Task objective ::
Write out again the lines from the line with "laundry area featuring" up to and including the line with "a shower with", exactly as they stand below, and skip any picture.

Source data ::
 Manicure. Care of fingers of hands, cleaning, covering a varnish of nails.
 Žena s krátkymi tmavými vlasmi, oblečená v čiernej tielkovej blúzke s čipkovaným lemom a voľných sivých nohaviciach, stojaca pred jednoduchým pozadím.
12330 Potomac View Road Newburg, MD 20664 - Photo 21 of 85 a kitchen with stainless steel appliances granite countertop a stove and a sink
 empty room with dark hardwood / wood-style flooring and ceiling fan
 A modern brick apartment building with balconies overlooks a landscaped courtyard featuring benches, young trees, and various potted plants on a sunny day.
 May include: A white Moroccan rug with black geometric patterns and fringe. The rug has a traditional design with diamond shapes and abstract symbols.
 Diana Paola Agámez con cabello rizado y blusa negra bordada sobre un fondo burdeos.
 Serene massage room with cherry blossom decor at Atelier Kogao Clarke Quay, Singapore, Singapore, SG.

* * *

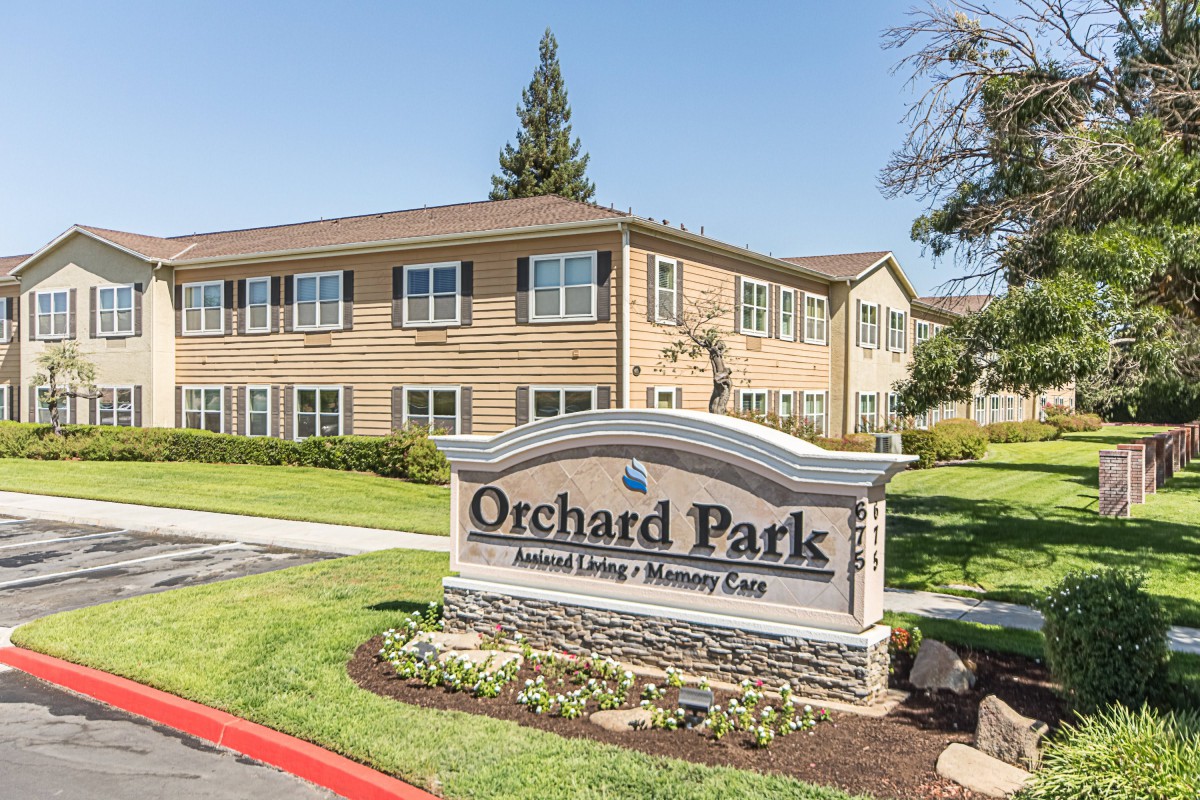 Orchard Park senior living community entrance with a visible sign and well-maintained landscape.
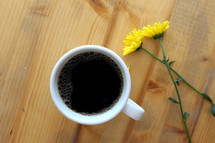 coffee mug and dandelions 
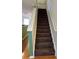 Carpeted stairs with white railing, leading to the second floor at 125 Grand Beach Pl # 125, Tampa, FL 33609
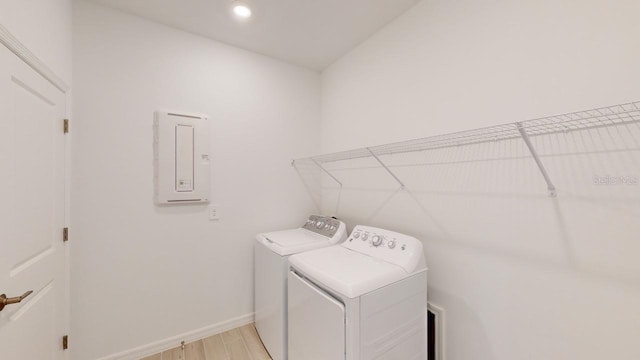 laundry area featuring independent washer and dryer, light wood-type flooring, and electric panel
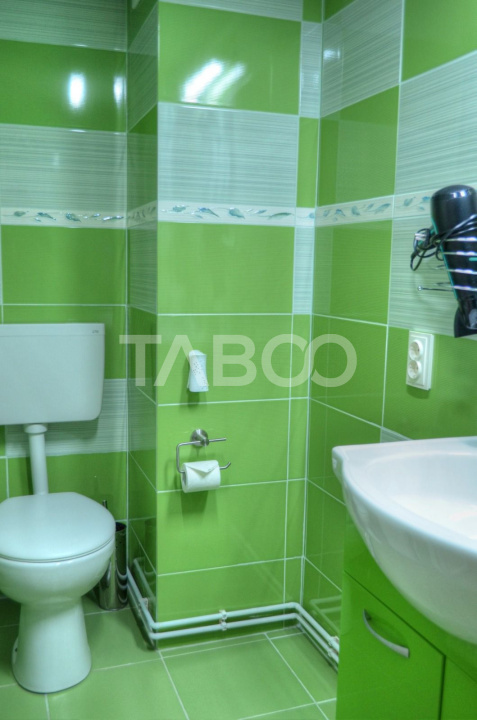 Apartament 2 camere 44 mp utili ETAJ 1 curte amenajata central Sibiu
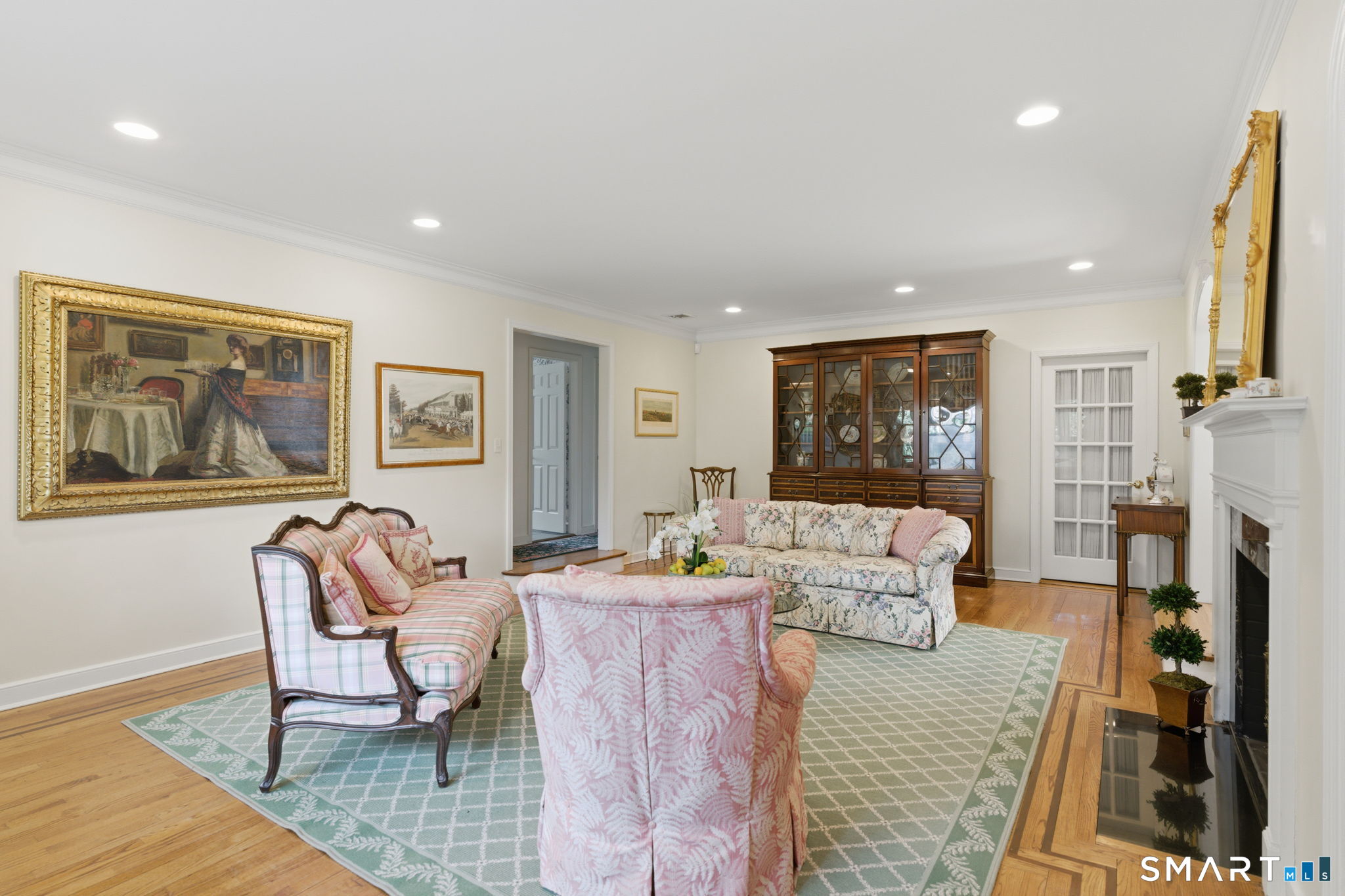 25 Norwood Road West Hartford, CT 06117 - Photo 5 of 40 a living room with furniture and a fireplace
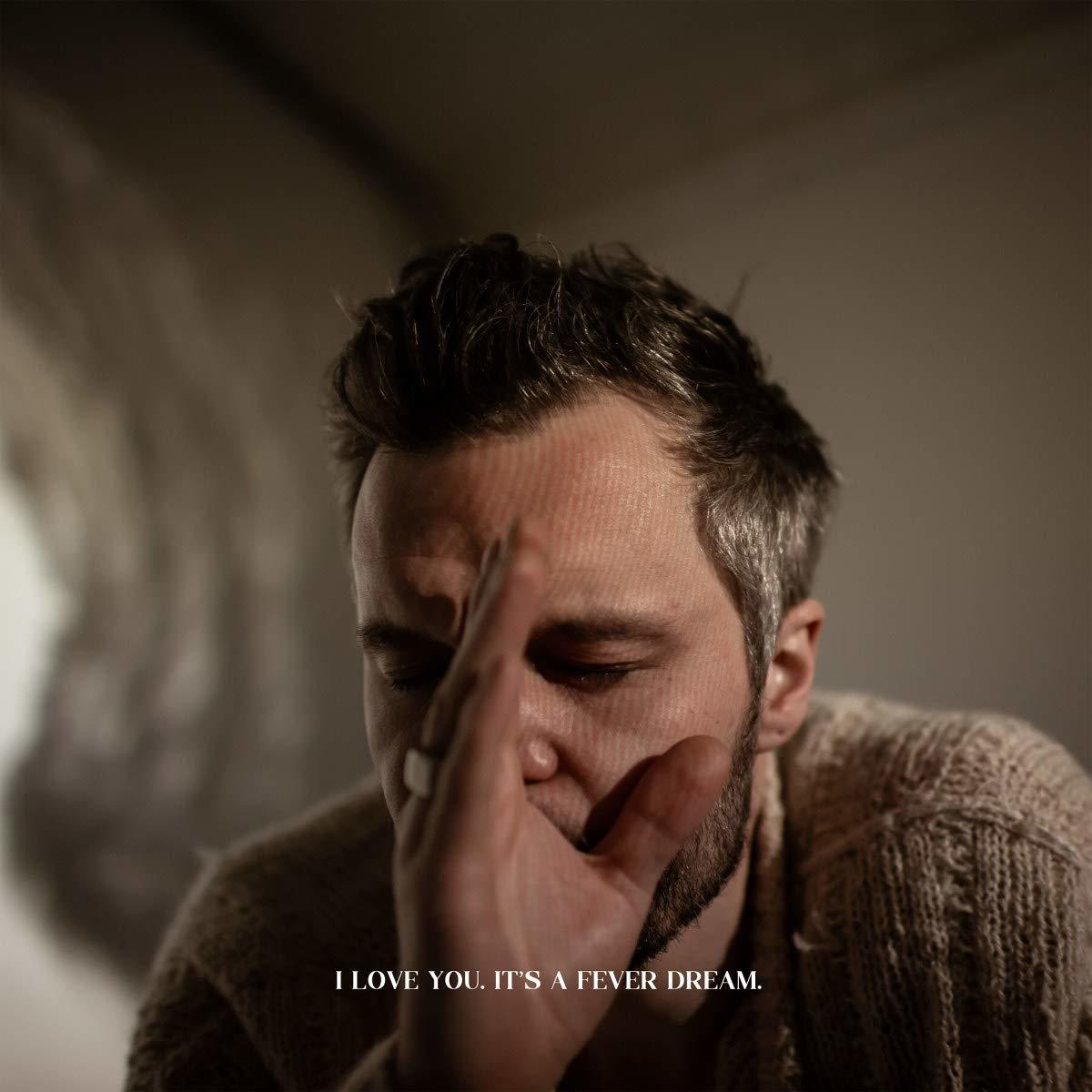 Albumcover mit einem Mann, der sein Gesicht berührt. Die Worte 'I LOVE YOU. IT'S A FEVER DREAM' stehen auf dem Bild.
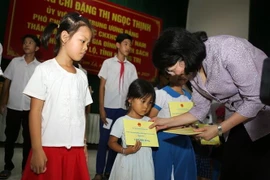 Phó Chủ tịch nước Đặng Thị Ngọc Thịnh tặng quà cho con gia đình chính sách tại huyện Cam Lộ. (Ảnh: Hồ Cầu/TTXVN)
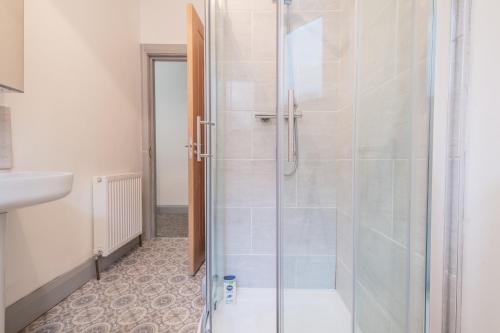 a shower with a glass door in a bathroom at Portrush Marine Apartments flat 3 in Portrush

The completed task ::
 laundry area featuring independent washer and dryer, light wood-type flooring, and electric panel
 Apartament 2 camere 44 mp utili ETAJ 1 curte amenajata central Sibiu
 25 Norwood Road West Hartford, CT 06117 - Photo 5 of 40 a living room with furniture and a fireplace
 Albumcover mit einem Mann, der sein Gesicht berührt. Die Worte 'I LOVE YOU. IT'S A FEVER DREAM' stehen auf dem Bild.
 Phó Chủ tịch nước Đặng Thị Ngọc Thịnh tặng quà cho con gia đình chính sách tại huyện Cam Lộ. (Ảnh: Hồ Cầu/TTXVN)
 a shower with a glass door in a bathroom at Portrush Marine Apartments flat 3 in Portrush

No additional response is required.